Between now and then, the team is soliciting user input from real-world encoding tests. "We put it out to show what we've been up to, and to make it easier to give it a try," said Giles. "We're interested in samples where it really does poorly, especially relative to 1.0, compatibility testing with current decoders, and general build and integration issues which of course can only be found through people trying your software in their own environments." He encouraged users to submit concrete issues through the bug tracker, but to share other experiences through the project mailing list, or simply to blog about them for all to read.

Web video is poised to start changing dramatically once Firefox 3.5 ships with a built-in Theora decoder underlying the HTML5 video element. That makes it all the more important to get the Theora encoder right. Xiph.org does not have the full-time staff or resources of larger activist groups like the Free Software Foundation or Creative Commons, it has only software developers. Consequently, without the support of Red Hat, Mozilla, and the Wikimedia Foundation, it might not have been able to get up to speed. It remains to be seen whether the final build of Thusnelda will beat Firefox 3.5 to release, but the progress made already is encouraging.


(Log in to post comments)

Dirac vs. Theora

Posted Apr 2, 2009 2:20 UTC (Thu) by ncm (subscriber, #165) [Link]

I haven't been keeping track. Is there an encoder that pus a Dirac stream in an Ogg container? How does Dirac differ from Theora such as to lead one to choose one or the other? I presume that Theora holds it own in some ways or Tim wouldn't be working on it. Will they both be used indefinitely, or is one likely to be retired in favor of the other?

Dirac vs. Theora

Posted Apr 2, 2009 4:33 UTC (Thu) by gmaxwell (subscriber, #30048) [Link]

Ffmpeg2dirac produces Ogg/Dirac(+Vorbis) files. These files should play out of the box on modern Linux distributions, they do on Fedora at least.

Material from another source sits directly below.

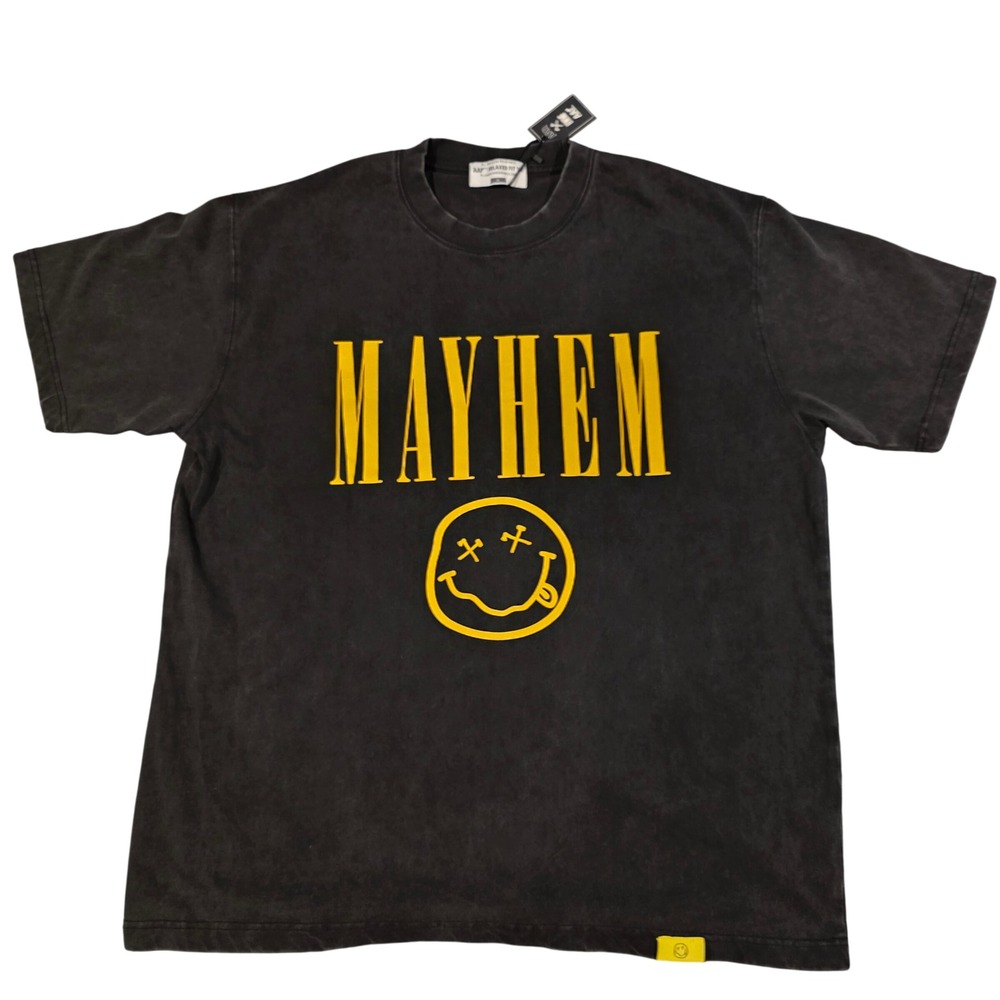 All American Roughneck Mayhem Relaxed Fit Tee Washed Black Graphic T-Shirt XL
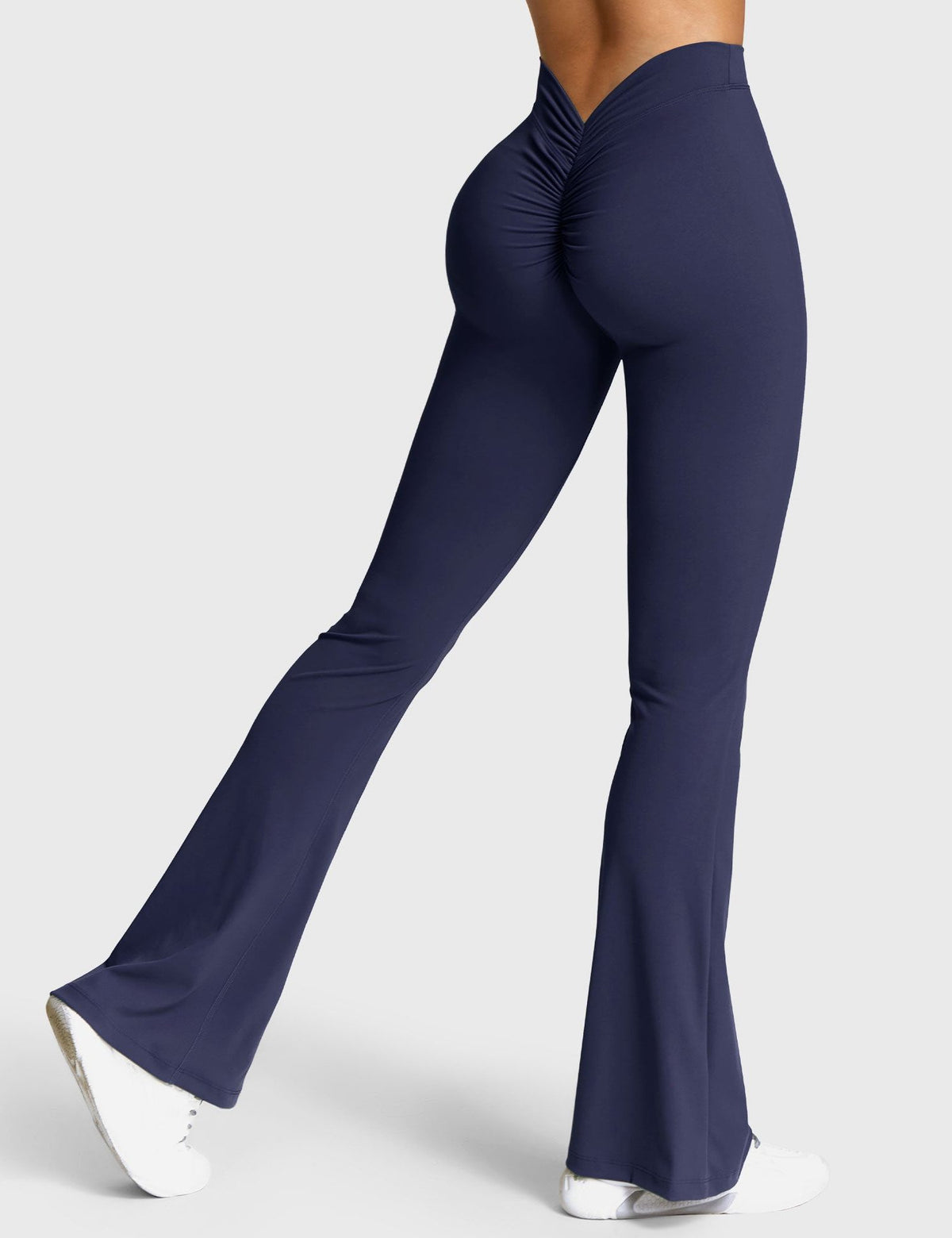 Ruched V-Neck Flared Leggings for Women - View 63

So, some comparison points:
* Dirac is able to achieve very high quality at accordingly high bitrates (it can even be run losslessly); Theora has a maximum quality which is not quite unconditionally visually lossless.
* Dirac is more cpu intensive than Theora.
* Dirac tools are somewhat less mature (In particular; there exists a decently performing Theora decoder in Java, which means that a majority of internet users can video Theora today with no software install)
* With the encoders existing today Theora clearly out-performs Dirac for low to moderate bitrates.

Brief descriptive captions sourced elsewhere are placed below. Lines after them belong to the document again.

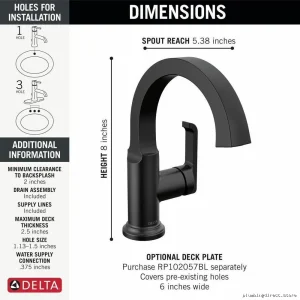 Delta Tetra Matte Black Single-Hole Bathroom Faucet - Modern Design
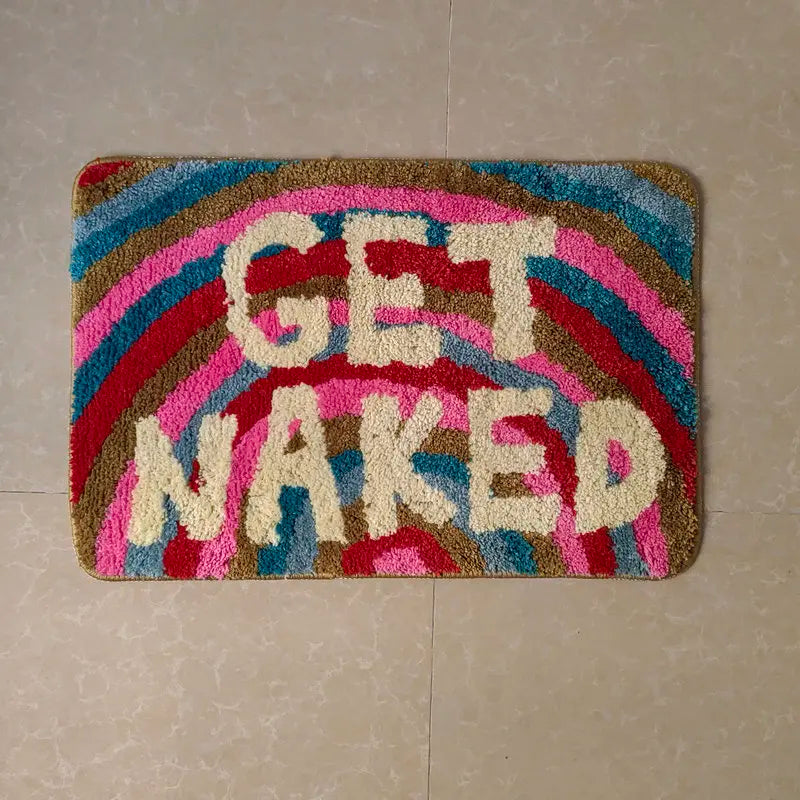 Regenboog 'Get Naked' badmat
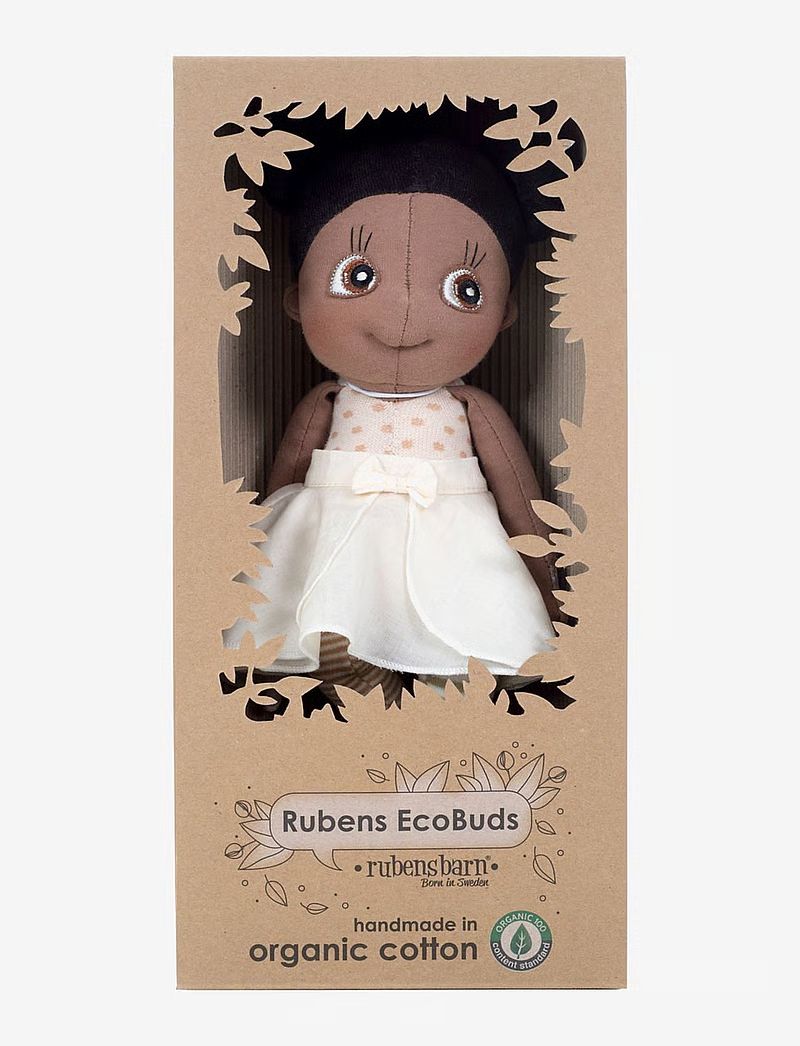 Ecobuds Rubens Barn Mjuk Docka - Poppy Brun Flicka med Tofsar och Kjol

Which codec you should use today depends on your application. If you are archiving video, building a unencumbered-bluray, or squeezing production grade 1080 HD video into 270mbit SD channels, Dirac is what you want. If you are webcasting with under a couple of megabits per second, Theora is what you want— not only will it have better quality at the applicable bitrates, but you have more playback options. (Though you might also wish to offer a high quality dirac download option…)

For example— I recently put a Theora video online at http://www.celt-codec.org/presentations/ At 150kbit/sec Theora is perfectly adequate for this application while the slides are not always readable with the current Dirac 'Schroedinger' encoder at that bitrate. Yet a full resolution version at several megabits per second looks better in Dirac than Theora. Unless you're using Firefox 3.5beta the video is only playing for you on that page because the page is able to fall back from the the video tag to a java based decoder, something which isn't yet possible for Dirac. (And might never be reasonable due to CPU use?) I'm planning on putting up a Dirac download version… but I'm still playing around with the encoder. (…and it's a fact of life that no one manages to do multiple format parallel distribution well, myself included)

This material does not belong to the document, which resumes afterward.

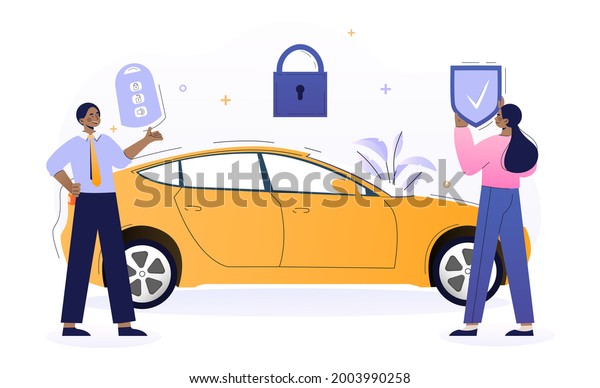 Male vehicle sales manager is installing car\
alarm into new car. Happy woman with car key and shield with\
padlock. Concept of car alarm system, anti-theft system. Flat\
cartoon vector\
illustration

The gap between Theora and Dirac at the lower bitrate end of the spectrum may persist indefinitely as thats really what theora was designed for … future improvements to Dirac encoders may close the gap but it is difficult to speculate about that as that isn't an active area of development for Dirac today.

If I had to place a bet I'd guess that Dirac would continue to be used for "artefact free and better" video for the foreseeable future; the use of which will increase over time as IP transit costs decrease and bandwidth becomes more plentiful, while Theora will be obsoleted in a number of years by a replacement or an extension… It's only natural for lower bitrate distribution formats to have a shorter life compared to archive grade formats, and there is more to be gained from small improvements in formats used where every kilobit counts.


Dirac vs. Theora

Posted Apr 2, 2009 6:36 UTC (Thu) by DonDiego (subscriber, #24141) [Link]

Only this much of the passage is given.